FSP, Editoriais, p. A2
02 de Set de 2014

Cinzas do planejamento

No final dos anos 1990, quando o governo apresentou o plano Avança Brasil, ambientalistas ficaram alarmados com seu potencial para induzir desmatamento na Amazônia. Milhares de quilômetros quadrados de floresta pereceriam com a pavimentação de corredores de exportação, como a BR-163 (Cuiabá-Santarém).
No início do século 21, as taxas de desmatamento de fato subiram depressa, mas em 2003 o movimento socioambiental viu uma representante, Marina Silva, assumir o Ministério do Meio Ambiente (MMA). A questão da sustentabilidade chegava ao coração do governo federal, acreditou-se então.
Tendo saltado de 18 mil km2 em 2001 para 27 mil km2 em 2004, a cifra da devastação passou a encolher nos anos seguintes até pouco abaixo de 5.000 km2 em 2012, o menor patamar registrado desde 1988 --ainda assim, o equivalente a três municípios de São Paulo.
A rodovia Cuiabá-Santarém se tornou um exemplo tanto de ocupação predatória como da tentativa de discipliná-la. Várias organizações governamentais e não governamentais se engajaram na elaboração do "BR-163 Sustentável", plano lançado em 2006.
Criaram-se unidades de conservação; dificultou-se o crédito a produtores rurais de municípios campeões em desmatamento; anunciaram-se ordenamento territorial e regularização fundiária.

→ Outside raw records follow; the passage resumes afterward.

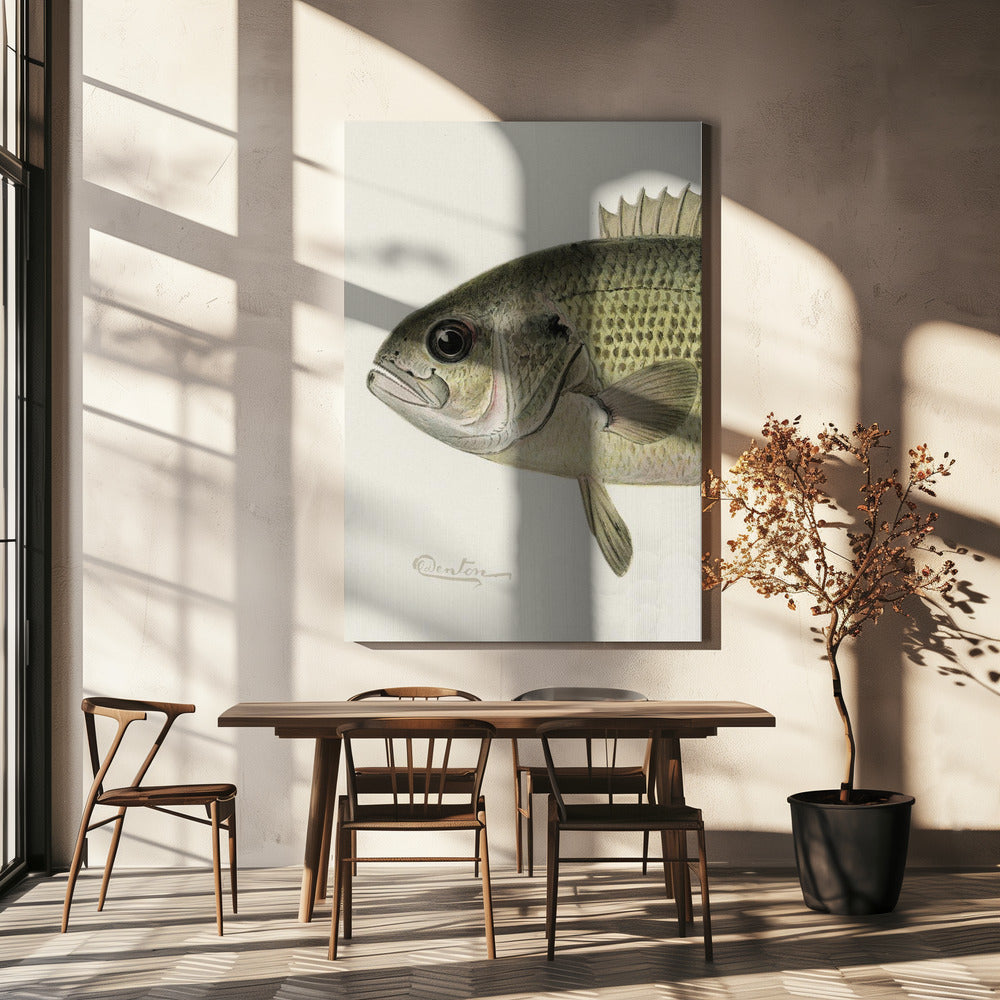 Rock Bass Crop | Canvas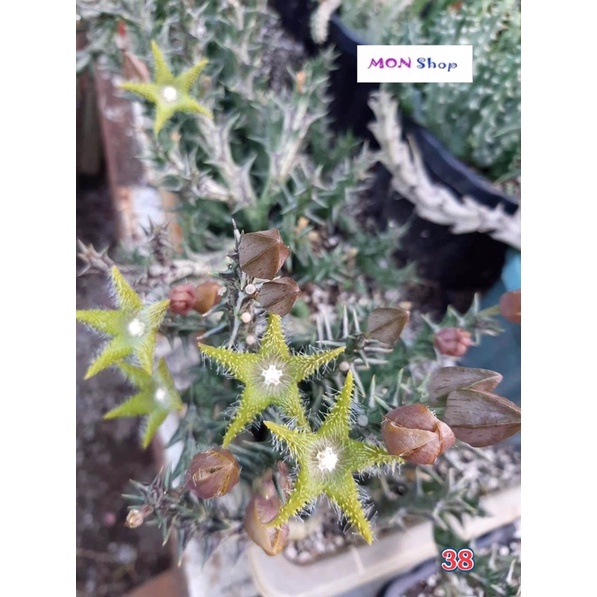Xương rồng sao biển hoa màu xanh lá tươi mát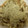 あっしゅぱぱ's cooksnap of when they made 【農家のレシピ】きのこの酒蒸し.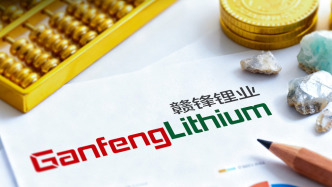 历时9个月赣锋锂电20亿增资终落地，引入战投未见产业资本身影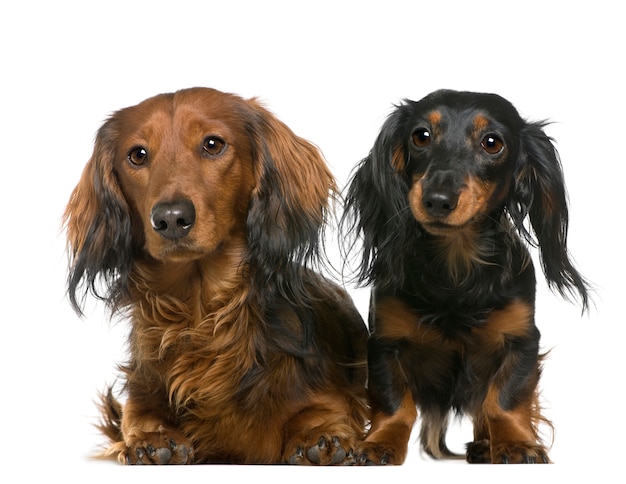 Dachshund, 3 and 2 years old, lying in front of white wall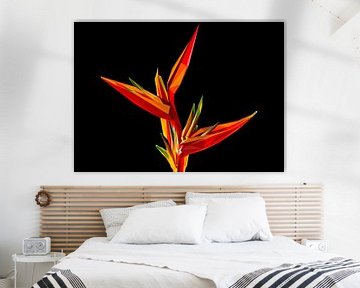 Paradiesvogel Blume in Low Poly Illustration Abstrakt von Yoga Art 15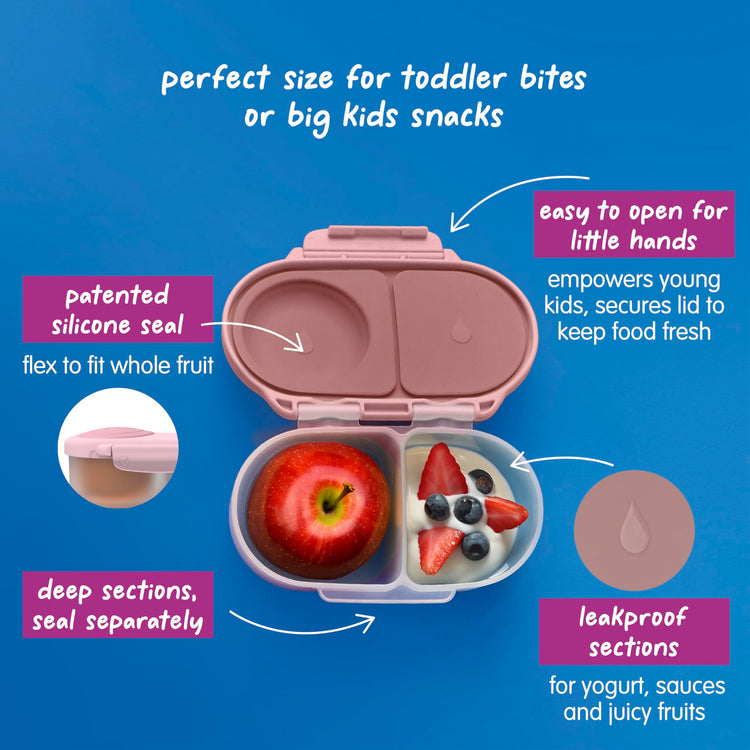 Snack Box Snack Containers for Kids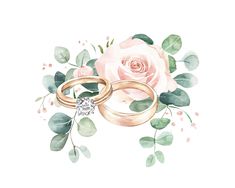 two gold wedding rings with pink roses and greenery on the side, painted in watercolor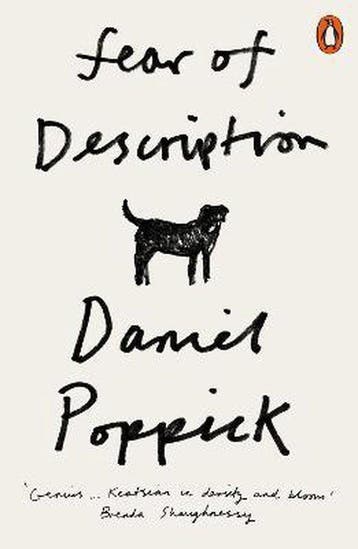 Fear of Description 9780141992679 Daniel Poppick, Verzenden, Daniel Poppick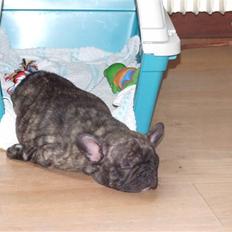 Fransk bulldog A'la'coccio's X-tra 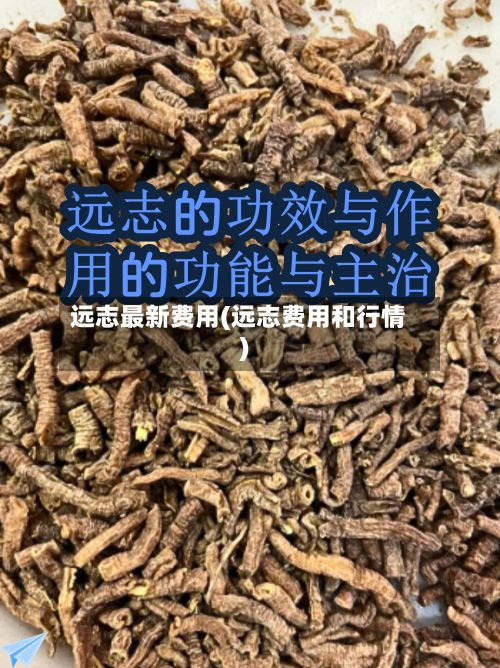 远志最新费用(远志费用和行情)-第2张图片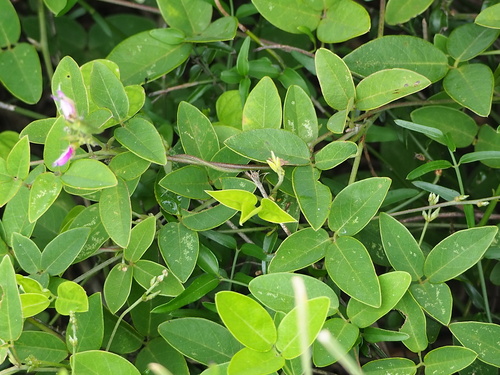Image of Galactia striata by no rights reserved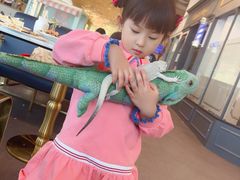 -FAIRYLAND龙族星球主题餐厅(凯丹广场店)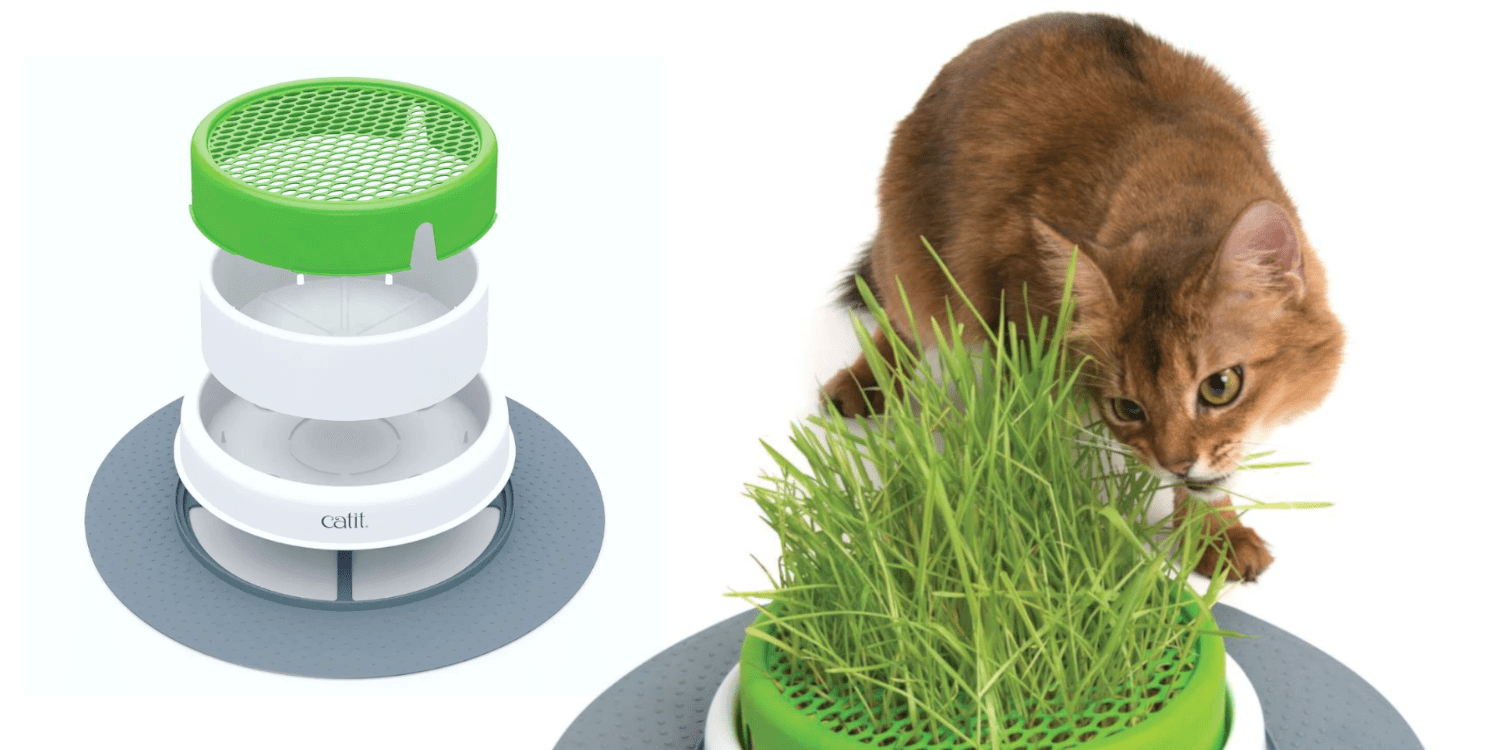 katzengrass selber anpflanzen Tierbedarf 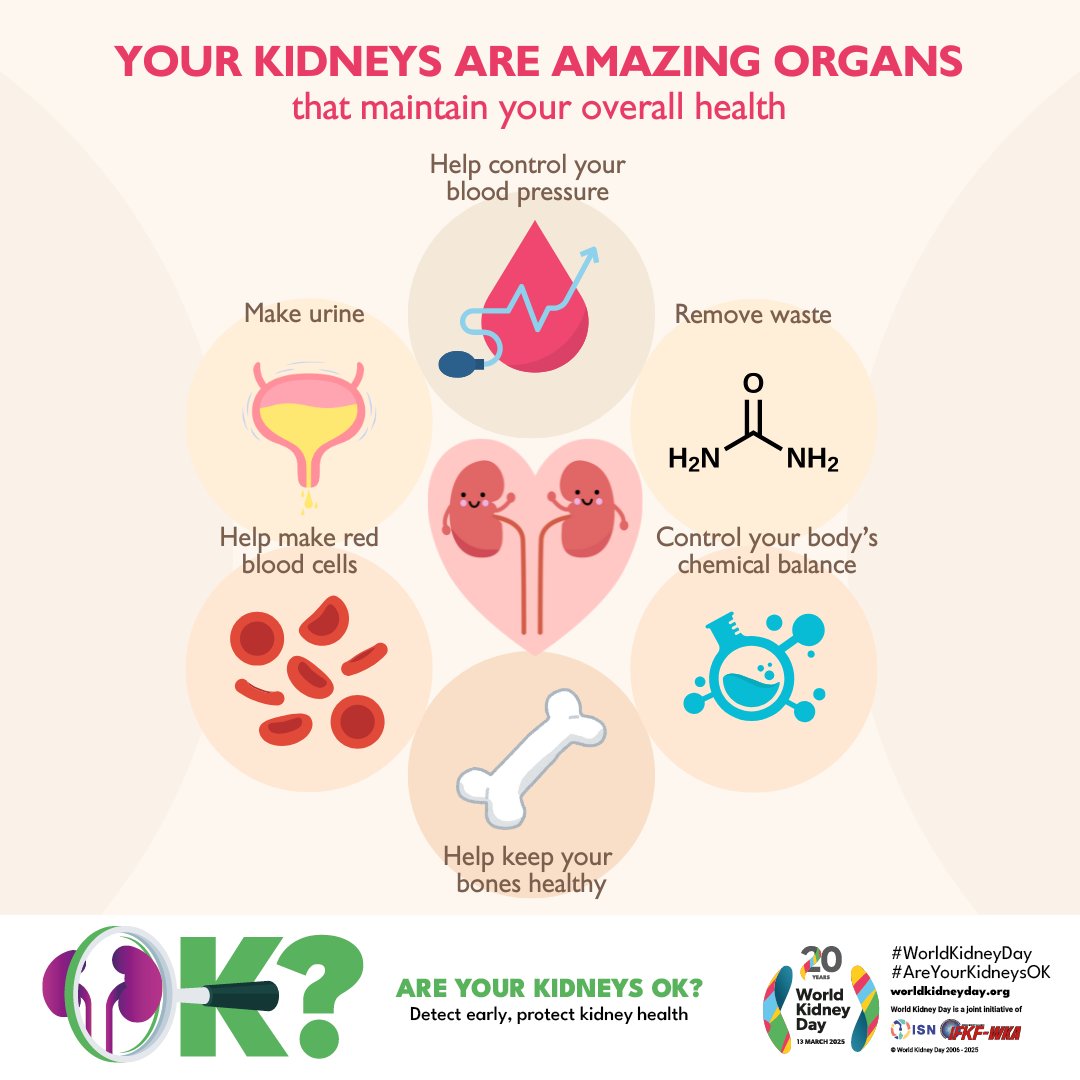 Your kidneys are incredible organs that work tirelessly for you! About the size of a fist, they are located deep in your abdomen, just below the rib cage.

Explore more about kidney health topics 👉 worldkidneyday.org/about-kidney-h… 

#WorldKidneyDay #AreYourKidneysOK #KidneyHealthMatters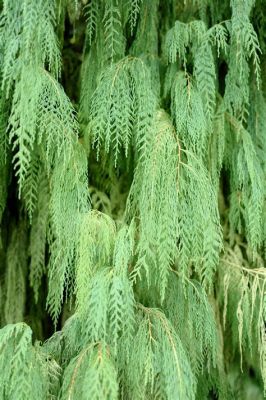  The Weeping Cypress – A Symphony of Sorrow and Emerald Tranquility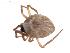  ( - BIOUG00886-D05)  @12 [ ] CC-0  G. Blagoev 2011 Unspecified
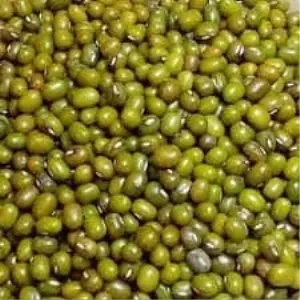 Green Gram or Mung Bean
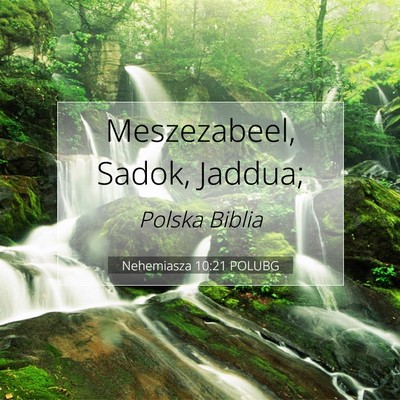 Picture 07 - Nehemiasza 10:21 POLUBG - Meszezabeel, Sadok, - Bible Verse Picture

O asfaltamento do trecho paraense da estrada se tornaria realidade em breve, como todos queriam, sem incentivar mais destruição.
Menos de uma década depois, as promessas ficaram pelo caminho. A parte mais importante delas --legalização das propriedades na região, das pequenas às grandes-- virou fumaça. Novo Progresso (PA), município de madeireiros e pecuaristas visitado pela Folha no final de agosto, teve só 400 de 3.000 terras de produtores agrícolas regularizadas.
É grande a insatisfação com o governo federal. Os conflitos entre posseiros e assentados, de um lado, e fazendeiros e garimpeiros de madeira, de outro, estão de volta, mas todos concordam que somente a solução da questão fundiária pelo Incra poderá desentravar o desenvolvimento da região de maneira legal e sustentável.
Faltou planejamento, sobretudo quanto às temáticas ambientais --uma agenda que agora pode ganhar espaço na pauta eleitoral como consequência da ascensão de Marina Silva (PSB) nas pesquisas de intenção de voto.
Não seria ruim. A BR-163, por exemplo, encurta em 1.000 km o caminho da soja e do milho para o exterior. Se o país não pode abrir mão desse tipo de estrutura, tampouco deveria abandonar preocupações com a sustentabilidade.